By Laurel Brubaker Calkins
Feb. 17 (Bloomberg) --
R. Allen Stanford left daily operating decisions to his finance chief, who volunteered to "lay himself off" for a $650,000 lump-sum pay out as regulators were closing in on the company in February 2009, a former manager testified.
"We were in the midst of a crisis, and I told him it would look strange if we lay off our global CFO," Joan Stack, former global human resources manager at Stanford Financial Group, said she told finance chief James M.
Davis. "He was the person I felt made the day-to-day decisions."
Davis replied that he would "stay behind the scenes" and continue running the firm, Stack told jurors yesterday in federal court in Houston at Stanford's criminal fraud trial. In exchange for appearing to step aside, Davis asked for an upfront payment of 65 present of his 2009 salary, she said.
Davis made this proposal "at a very fast-moving time" when "cash flow problems" were causing Stanford's firm to cancel 2008 year-end bonuses and lay off half its employees, Stack testified. "We were trying to get to a point where costs would be reduced to the point the organization would survive," Stack said.
Stanford Memo
Stack told jurors that a Stanford memo to employees, sent several days before the U.S. Securities and Exchange Commission seized the company on suspicion of fraud, was done partly at her request. Prosecutors told jurors that the message, which tried to reassure staff the offshore bank remained strong, is the basis of one of Stanford's fraud counts.
"I told him, 'People need to hear from you,'" Stack said. "A lot of people were telling him that. He wasn't visible. He wasn't responding. We told him people are scared, and they need to hear from a leader."
At the time the memo was sent, Stack said, Stanford was often absent and difficult to reach.

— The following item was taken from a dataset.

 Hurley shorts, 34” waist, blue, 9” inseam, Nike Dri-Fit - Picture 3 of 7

"Mr. Stanford would be absent for a month, five or six weeks," she said.
"Then suddenly he'd come in and get hyper- focused on some project. Then he'd just disappear for a few more weeks."
Promoting Cricket
Stack said he appeared more focused on promoting cricket and building a high-end island resort than on running his financial services empire.

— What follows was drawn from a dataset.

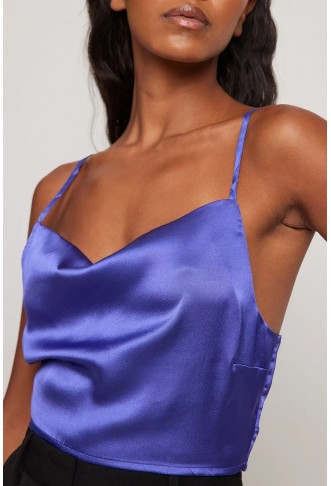 Waterfall Front Satin Singlet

"He was very excited, almost like a kid at Christmas," when discussing the island resort project, she said.
Stack testified that Davis and Laura Pendergest Holt, Stanford's investment chief, routinely hired unqualified relatives and fellow church members to staff most positions in the Memphis, Tennessee, research division that oversaw the bank's multibillion-dollar investment portfolio.

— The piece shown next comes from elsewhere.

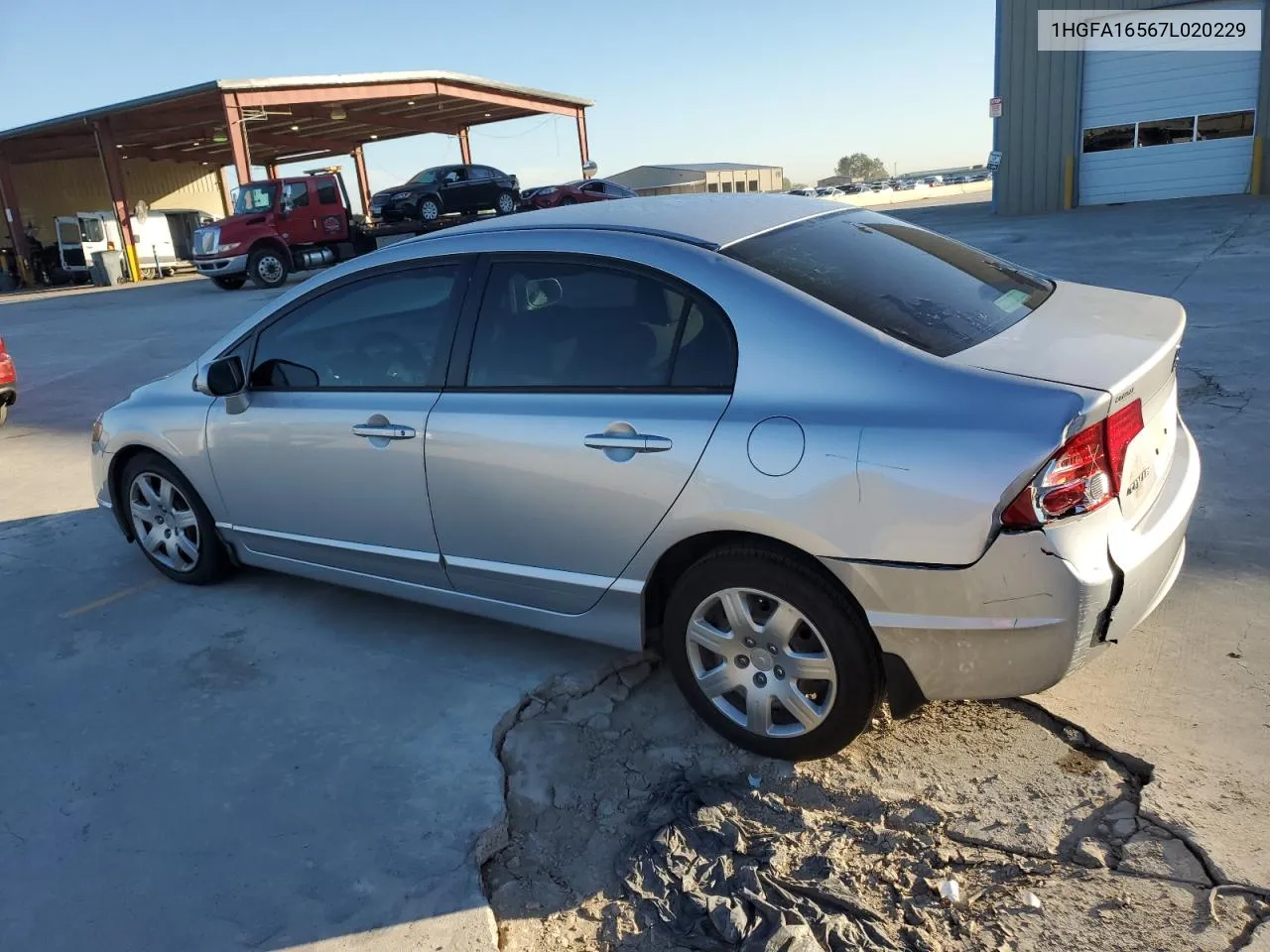 1HGFA16567L020229 2007 Honda Civic Lx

"They were family members who had no experience in doing what we'd hired them to do," she said.
Earlier witnesses told jurors that Davis hired one of his farm hands to analyse commodities and his preacher to advise the company on Middle Eastern affairs. Holt also invested about $2 million of the bank's portfolio in a hedge fund run by her husband, a former personal trainer.
Broken Laptops
Prosecutors have said Stanford wasn't an absentee boss and kept in close touch electronically with executives while he travelled.
Sohil Merchant, Stanford's former information technology manager, told jurors under prosecutors' questioning that he replaced the financier's personal laptop computer 20 to 30 times from 2005 to 2008. Merchant said the financier broke his personal laptops so regularly that the technology department maintained a standing replacement order.
Assistant U.S. Attorney Gregg Costa asked Merchant if Stanford destroyed his laptop "through physical abuse, such as dropping it in the water, throwing it against a wall." Merchant said that was his understanding. He said he sometimes delivered the replacements on one of Stanford's private jets.
Jurors watched much of a 30-minute promotional video Stanford created to promote his planned ultra-luxury resort, which he called Islands Club.
Giselle James, the Stanford employee who marketed the project, testified the resort was intended for vacationers who could pay a $50 million initiation fee and $15 million in annual dues for access to 30 villas planned for a private island off Antigua's coast.
Islands Club
Jurors, watching the video without any sound, saw footage of Antigua's lush foliage and pristine beaches intermingled with interviews of New York-based architects who had worked on the project and Antiguan celebrities, including several cricket stars. Prosecutors requested that the sound be turned off to avoid improper influence on the jury.
James testified Stanford had constructed yacht-docking facilities, desalinization plants, a private airstrip and hangar, refuelling facilities and other infrastructure to support his luxury resort. James said a marine research facility was also part of the planned development.
"The prosecution said it was just a dream, but this was real bricks and mortar, wasn't it?" Robert Scardino, Stanford's lawyer, asked James.
"I walked there," James testified. "I saw it."